:: Excerpts from a dataset ::

==*==

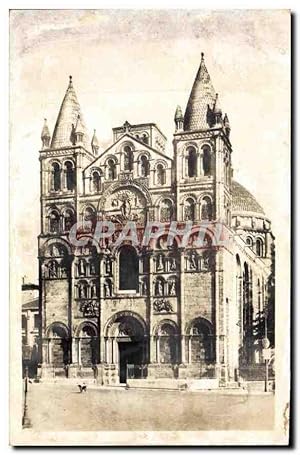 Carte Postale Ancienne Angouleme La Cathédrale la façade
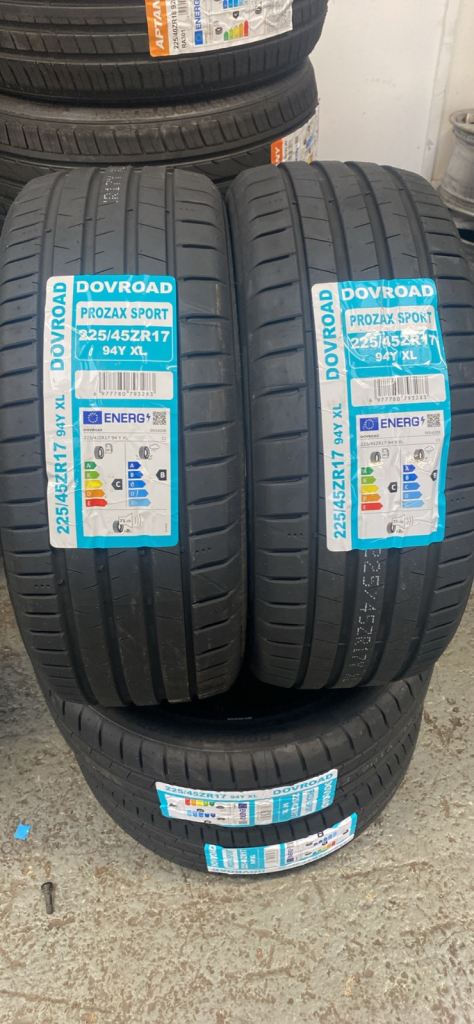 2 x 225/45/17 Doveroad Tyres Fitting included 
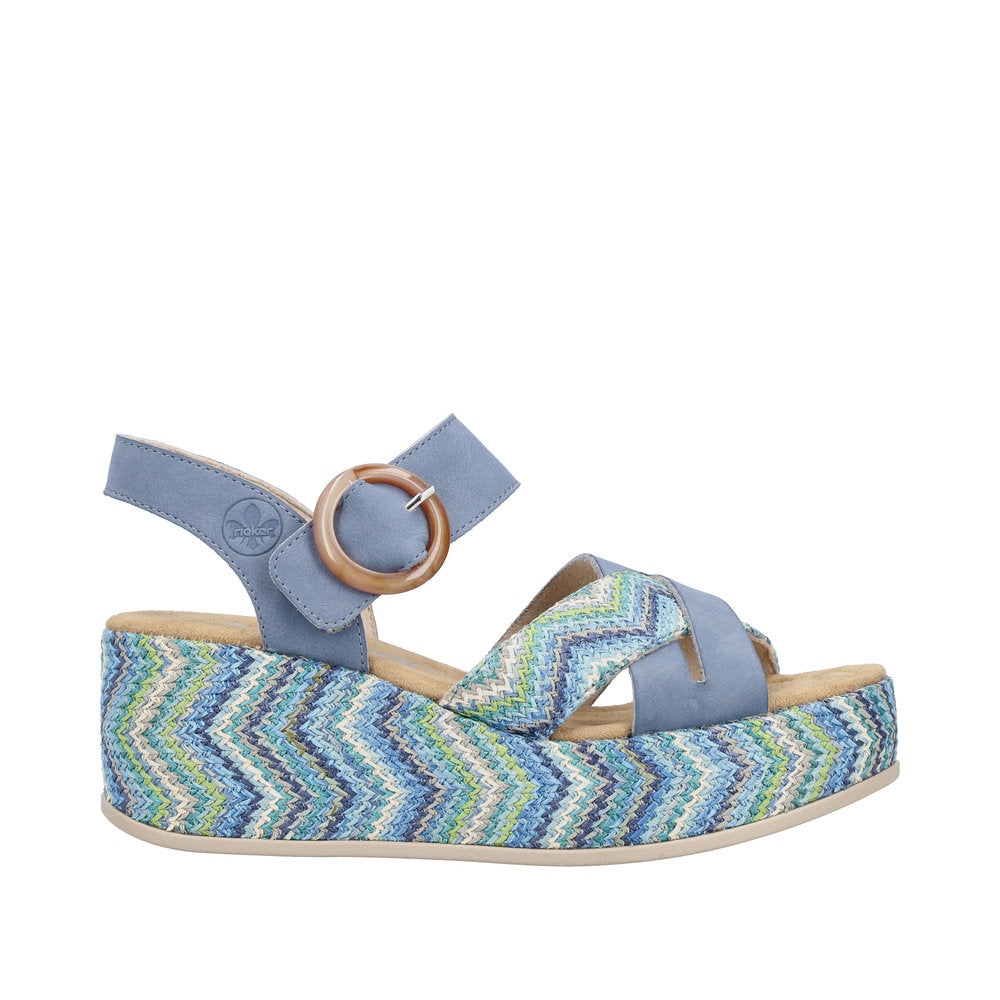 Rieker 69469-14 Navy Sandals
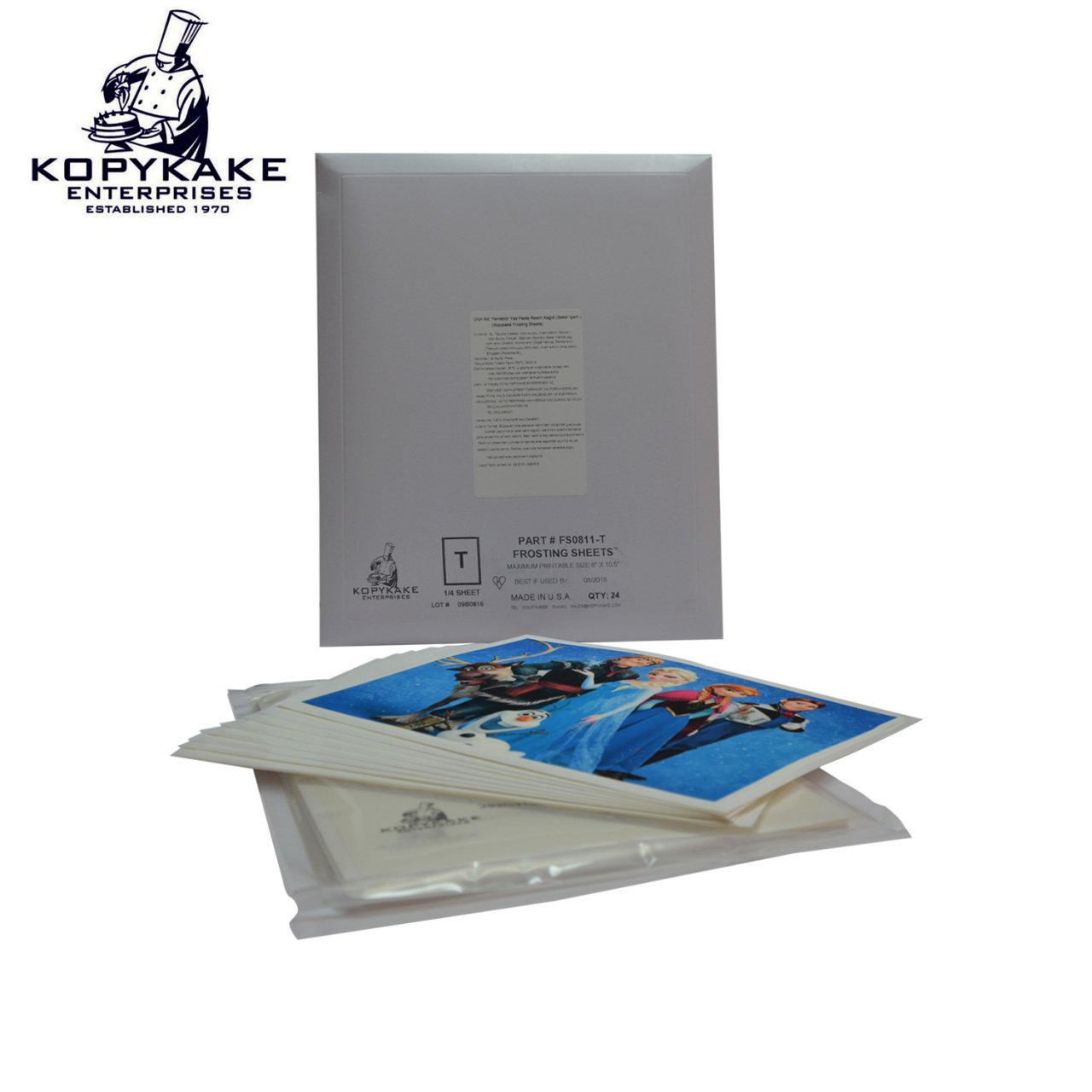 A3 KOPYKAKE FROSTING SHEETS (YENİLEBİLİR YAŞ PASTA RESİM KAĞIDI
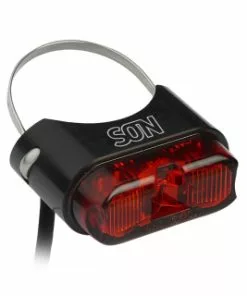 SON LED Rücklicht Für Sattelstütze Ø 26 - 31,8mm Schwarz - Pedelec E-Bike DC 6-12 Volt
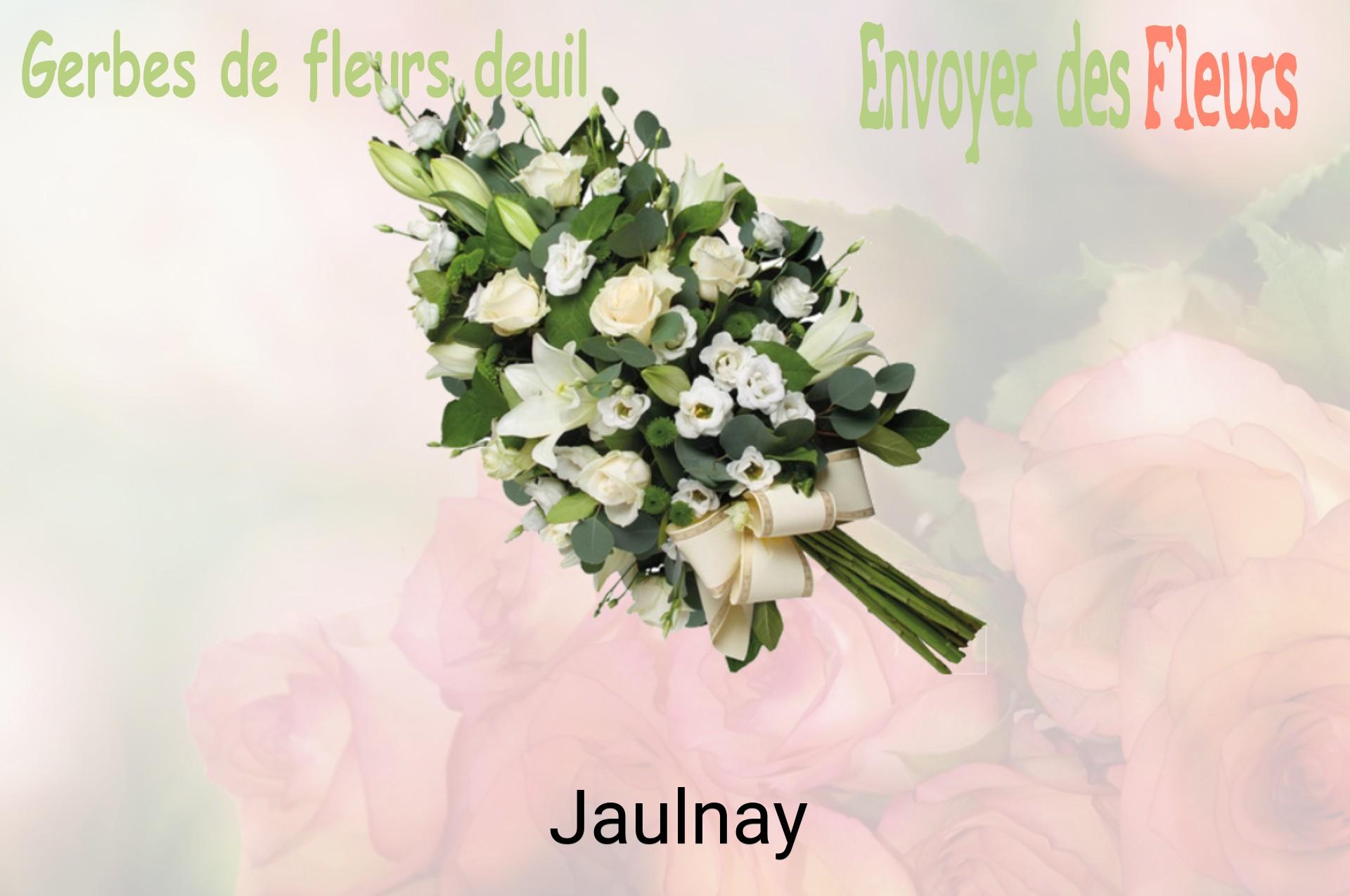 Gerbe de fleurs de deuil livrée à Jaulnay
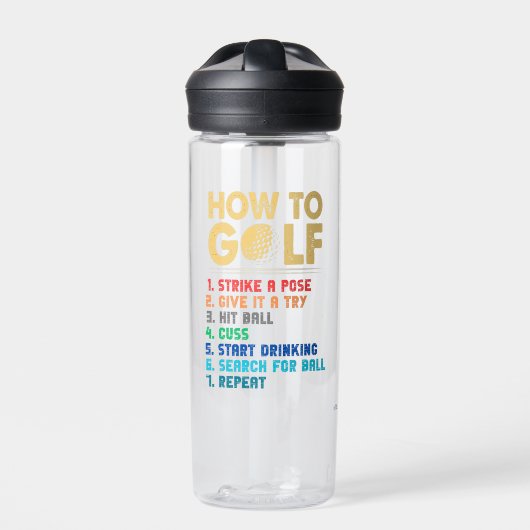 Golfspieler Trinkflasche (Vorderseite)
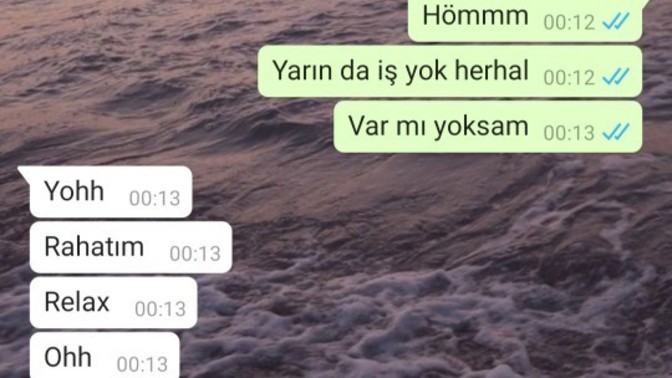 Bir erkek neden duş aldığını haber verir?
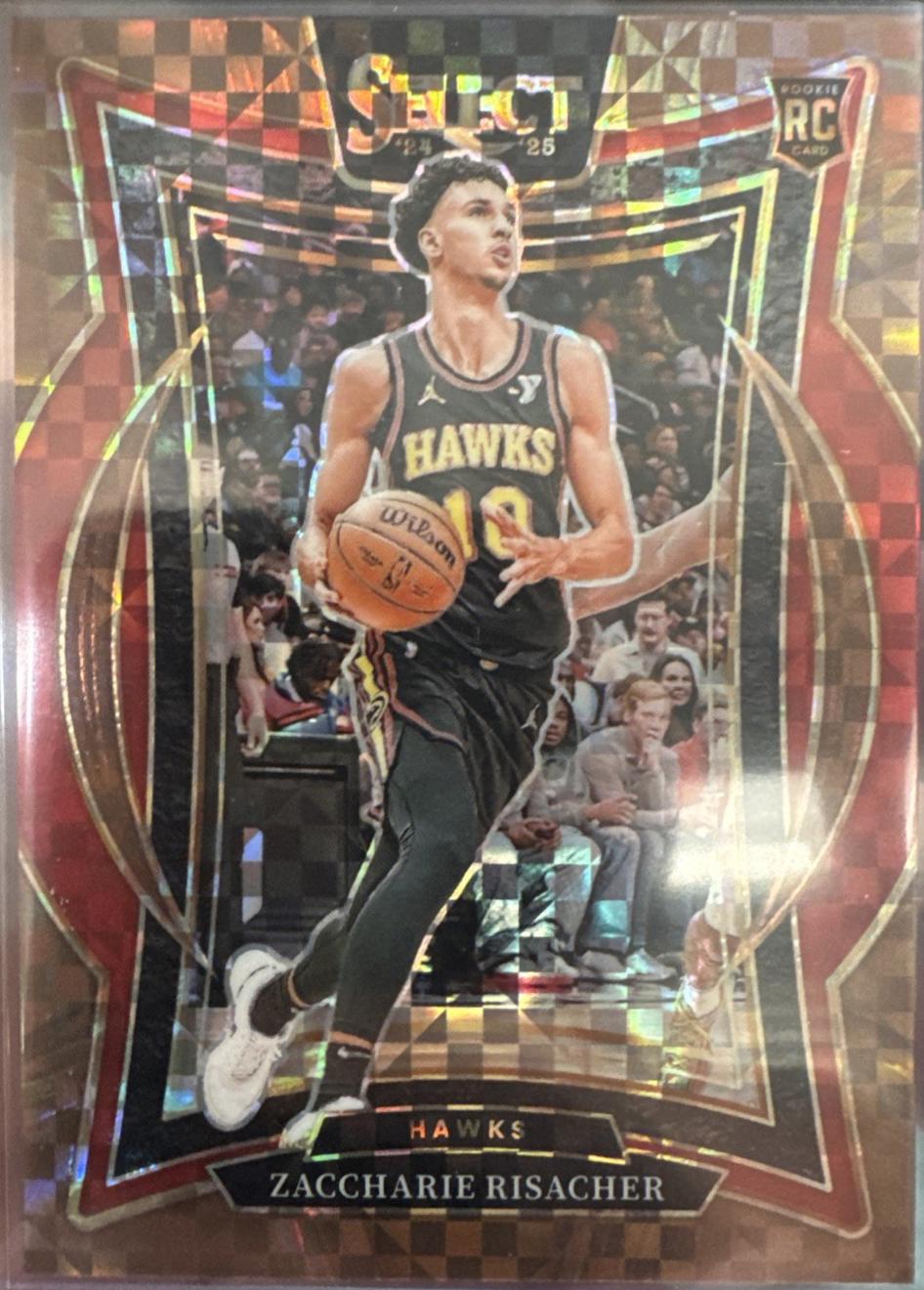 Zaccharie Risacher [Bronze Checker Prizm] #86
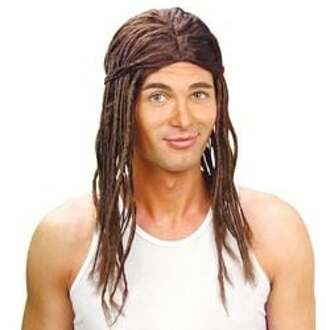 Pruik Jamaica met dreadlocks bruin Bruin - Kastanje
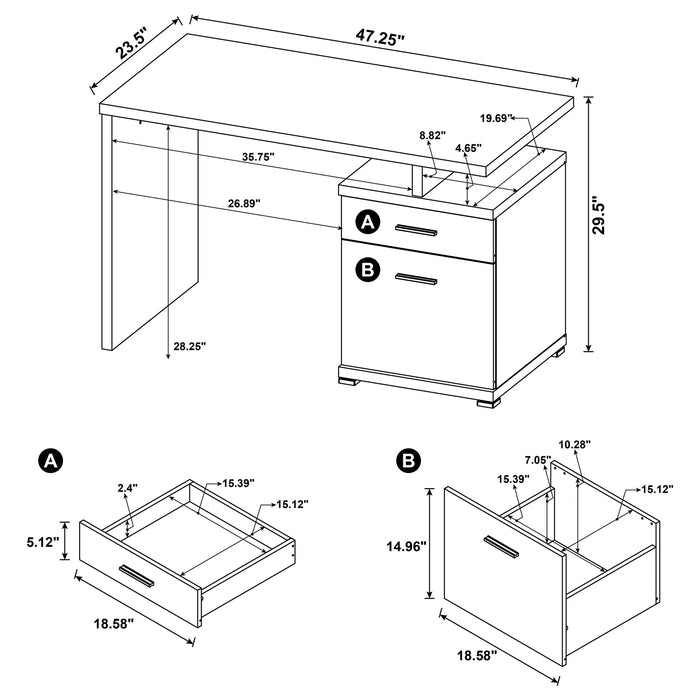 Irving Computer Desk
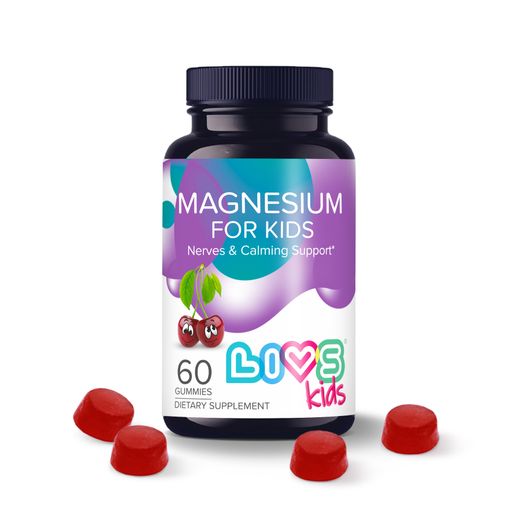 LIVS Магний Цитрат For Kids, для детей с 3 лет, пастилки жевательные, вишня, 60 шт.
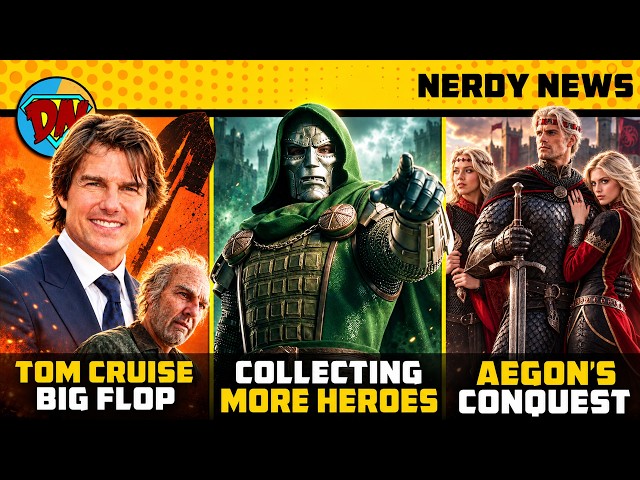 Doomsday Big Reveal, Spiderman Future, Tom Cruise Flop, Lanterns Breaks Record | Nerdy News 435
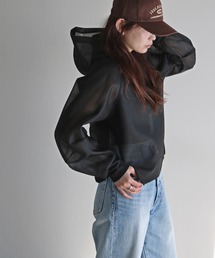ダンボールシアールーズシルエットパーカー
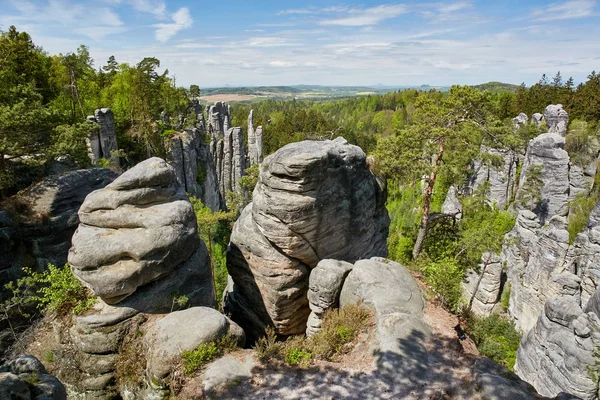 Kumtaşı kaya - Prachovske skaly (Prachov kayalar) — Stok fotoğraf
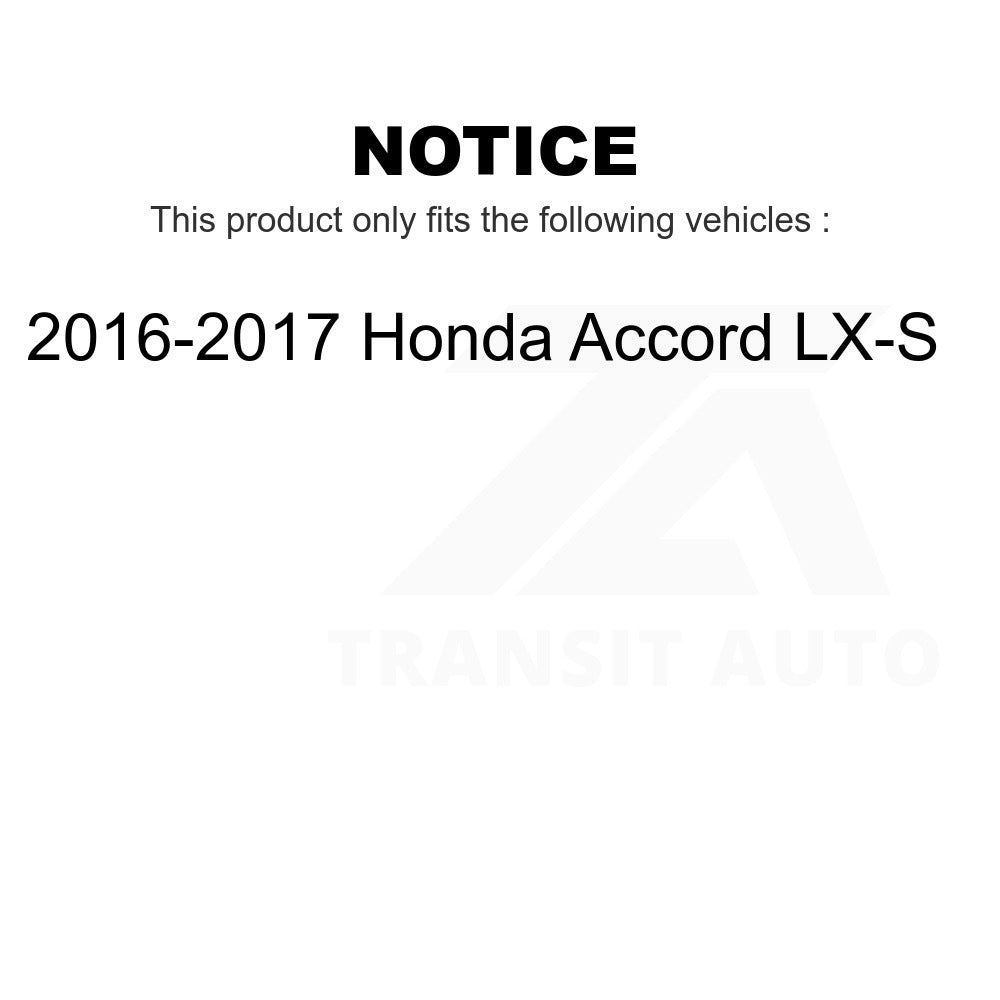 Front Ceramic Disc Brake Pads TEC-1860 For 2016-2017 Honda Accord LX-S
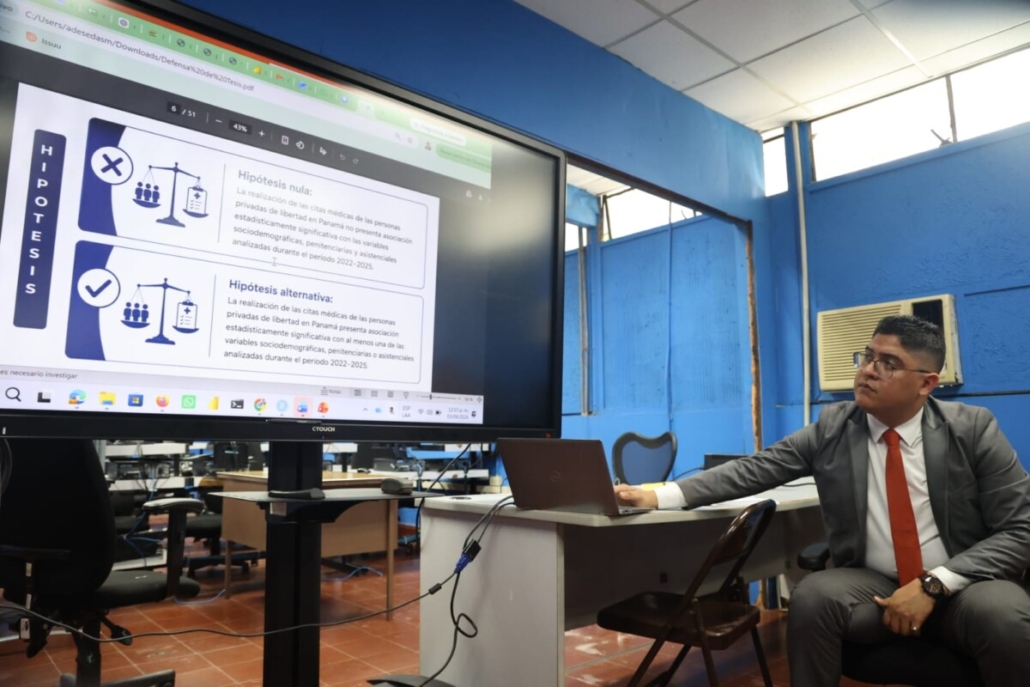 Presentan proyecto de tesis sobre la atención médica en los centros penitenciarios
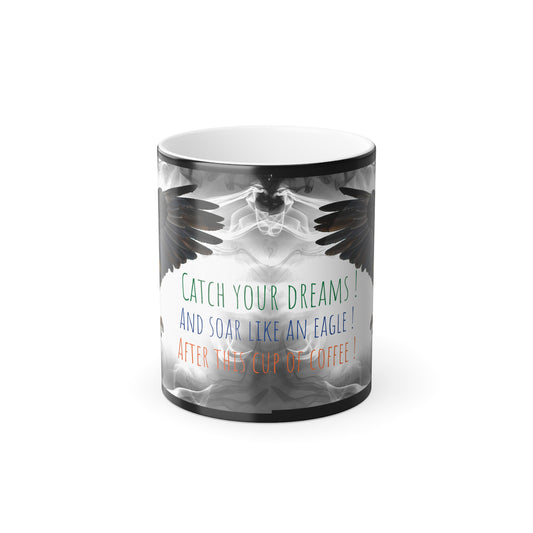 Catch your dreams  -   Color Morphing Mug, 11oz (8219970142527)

==*==

:: Work task ::
The records are to be retyped in full and exactly, with no image carried over.

:: Reply ::
 Carte Postale Ancienne Angouleme La Cathédrale la façade
 2 x 225/45/17 Doveroad Tyres Fitting included 
 Rieker 69469-14 Navy Sandals
 A3 KOPYKAKE FROSTING SHEETS (YENİLEBİLİR YAŞ PASTA RESİM KAĞIDI
 SON LED Rücklicht Für Sattelstütze Ø 26 - 31,8mm Schwarz - Pedelec E-Bike DC 6-12 Volt
 Gerbe de fleurs de deuil livrée à Jaulnay
 Golfspieler Trinkflasche (Vorderseite)
 Bir erkek neden duş aldığını haber verir?
 Zaccharie Risacher [Bronze Checker Prizm] #86
 Pruik Jamaica met dreadlocks bruin Bruin - Kastanje
 Irving Computer Desk
 LIVS Магний Цитрат For Kids, для детей с 3 лет, пастилки жевательные, вишня, 60 шт.
 Doomsday Big Reveal, Spiderman Future, Tom Cruise Flop, Lanterns Breaks Record | Nerdy News 435
ダンボールシアールーズシルエットパーカー
 Kumtaşı kaya - Prachovske skaly (Prachov kayalar) — Stok fotoğraf
 Front Ceramic Disc Brake Pads TEC-1860 For 2016-2017 Honda Accord LX-S
 Presentan proyecto de tesis sobre la atención médica en los centros penitenciarios
 Catch your dreams  -   Color Morphing Mug, 11oz (8219970142527)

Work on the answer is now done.